The Grand Plan today was for me to take the day off of work, run some errands in the morning, go to my annual lube and oil change at 10:30 (and no, I’m not talking about my car), and then meet my sister in Slidell to go to Mississippi and do Christmas shopping–with the hope that I would be able to finish up the majority of my shopping today.
I managed to pick up my cleaning lady on time and left her at my house, then did manage to get my car mostly cleaned out and vacuumed, but did not accomplish getting my oil changed (and yes, I am talking about my car this time) because the line at the Express Lube was long and they were not being very Express-y. Went to my annual checkup, had the usual ignominies inflicted upon me, was informed that since I am now forty I get some exciting new ignominies as well like getting my boobies squashed between two plates of glass, and then also informed that because I had come in with a specific complaint I needed to schedule an ultrasound because god knows I had not yet had enough foreign objects shoved up my nethers.
Anyway. Finally finished all of that fun and giggles, and went to pick up my sister. Since I had not accomplished oil change in my car, and since it is kinda overdue, I asked if we could take her car. She was fine with that, and so we headed to Mississippi.
We hadn’t even arrived at our first destination, when my sister coughed. Then everything fell apart.
Okay, I have to back up a bit. On Sunday, while Jack and I went to the Saints game and my sister was being kind and generous and watching Anna for us, my sister managed to take a bit of a tumble down the stairs from her attic. She’s been stiff and sore since then, but still generally mobile.
Until she coughed. Then she turned six shades of pale, and pulled over at the nearest possible opportunity. (General consensus was that she’d managed to finish breaking a rib with her ill-fated cough.) Needless to say, we did not continue our shopping. Instead I took her back to her house, where we ate chocolate and watched “The Devil Wears Prada” while Sherry tried to not move, breathe, laugh, hiccup, cough, or twitch.
Eventually my brother-in-law made it home, and he drove me back to my car (which had been left at my sister’s office) and I finally made my way home. At home, I discovered that there were two Netflix DVDs in the mailbox: “Flight 93″ which I did NOT pick, and “The Breakup” which I also did not pick, but which I figured would be a bit more entertaining and non-depressing than the 9/11 flick.

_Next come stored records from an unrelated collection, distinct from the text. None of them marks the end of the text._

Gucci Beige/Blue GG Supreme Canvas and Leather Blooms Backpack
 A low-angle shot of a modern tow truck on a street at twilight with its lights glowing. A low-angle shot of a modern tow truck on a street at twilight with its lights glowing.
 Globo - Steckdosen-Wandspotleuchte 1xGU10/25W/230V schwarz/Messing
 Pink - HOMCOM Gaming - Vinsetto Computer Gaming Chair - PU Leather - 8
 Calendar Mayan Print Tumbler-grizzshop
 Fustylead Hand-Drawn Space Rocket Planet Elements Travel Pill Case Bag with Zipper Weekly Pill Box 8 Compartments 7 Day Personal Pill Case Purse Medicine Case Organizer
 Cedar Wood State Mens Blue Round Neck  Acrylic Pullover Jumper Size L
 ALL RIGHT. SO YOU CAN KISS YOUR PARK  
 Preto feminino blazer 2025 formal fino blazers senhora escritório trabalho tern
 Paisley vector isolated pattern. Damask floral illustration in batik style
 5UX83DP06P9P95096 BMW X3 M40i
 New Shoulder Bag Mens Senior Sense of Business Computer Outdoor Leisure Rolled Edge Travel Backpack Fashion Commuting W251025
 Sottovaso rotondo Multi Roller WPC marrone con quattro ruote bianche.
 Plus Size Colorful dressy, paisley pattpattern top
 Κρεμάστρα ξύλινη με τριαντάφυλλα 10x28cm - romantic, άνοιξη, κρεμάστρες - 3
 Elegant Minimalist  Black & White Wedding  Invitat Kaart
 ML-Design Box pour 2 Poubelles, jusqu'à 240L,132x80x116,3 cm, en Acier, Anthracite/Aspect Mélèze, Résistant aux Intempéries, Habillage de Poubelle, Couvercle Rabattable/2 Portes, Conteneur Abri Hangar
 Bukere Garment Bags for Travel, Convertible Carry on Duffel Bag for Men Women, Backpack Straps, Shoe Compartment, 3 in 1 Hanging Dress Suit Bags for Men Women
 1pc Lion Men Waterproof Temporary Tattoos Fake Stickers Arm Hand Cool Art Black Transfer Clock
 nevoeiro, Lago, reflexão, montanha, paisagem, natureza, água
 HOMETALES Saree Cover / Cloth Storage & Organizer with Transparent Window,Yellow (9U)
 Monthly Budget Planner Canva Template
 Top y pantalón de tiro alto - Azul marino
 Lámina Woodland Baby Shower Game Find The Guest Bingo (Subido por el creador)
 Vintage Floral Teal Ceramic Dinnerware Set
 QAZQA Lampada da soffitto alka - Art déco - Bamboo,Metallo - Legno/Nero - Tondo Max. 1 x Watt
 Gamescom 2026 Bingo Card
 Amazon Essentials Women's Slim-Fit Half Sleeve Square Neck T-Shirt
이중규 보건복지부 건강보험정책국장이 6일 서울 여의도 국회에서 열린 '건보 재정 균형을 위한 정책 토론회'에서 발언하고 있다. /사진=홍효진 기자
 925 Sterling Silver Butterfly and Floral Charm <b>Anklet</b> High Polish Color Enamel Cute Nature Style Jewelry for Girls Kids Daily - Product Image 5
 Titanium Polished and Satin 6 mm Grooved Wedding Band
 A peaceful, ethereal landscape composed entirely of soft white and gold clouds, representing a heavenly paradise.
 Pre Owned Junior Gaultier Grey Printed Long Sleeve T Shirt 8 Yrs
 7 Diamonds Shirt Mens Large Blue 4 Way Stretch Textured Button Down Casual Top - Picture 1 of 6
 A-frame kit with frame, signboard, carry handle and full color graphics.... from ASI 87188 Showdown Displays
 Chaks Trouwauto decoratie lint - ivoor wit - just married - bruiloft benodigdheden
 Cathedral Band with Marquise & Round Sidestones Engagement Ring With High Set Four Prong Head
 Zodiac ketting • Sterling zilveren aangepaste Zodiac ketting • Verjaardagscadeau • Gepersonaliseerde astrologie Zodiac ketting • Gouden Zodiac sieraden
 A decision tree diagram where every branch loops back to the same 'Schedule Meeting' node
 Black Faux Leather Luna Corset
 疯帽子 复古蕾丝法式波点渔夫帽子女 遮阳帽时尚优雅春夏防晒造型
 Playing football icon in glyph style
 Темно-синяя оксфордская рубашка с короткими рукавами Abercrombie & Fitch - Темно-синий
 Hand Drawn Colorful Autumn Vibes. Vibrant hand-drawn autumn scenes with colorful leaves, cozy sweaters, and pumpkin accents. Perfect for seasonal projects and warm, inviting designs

Jeeez, I though this was supposed to be a romantic comedy? This movie is a HUGE downer and not to be seen if you have even the slightest issue with anything your partner does. We watched the first hour of it without seeing ANYTHING that was funny, and finally turned it off, instantly feeling happier and more settled in comparison.
Finally I kicked both Anna and Jack upstairs and captured some time to myself. After I finish this entry I’m going to curl up on the couch with a book, and pretend that Christmas is not in six days and that I have presents for everyone, already wrapped and labeled.
I may need more alcohol for that last fantasy.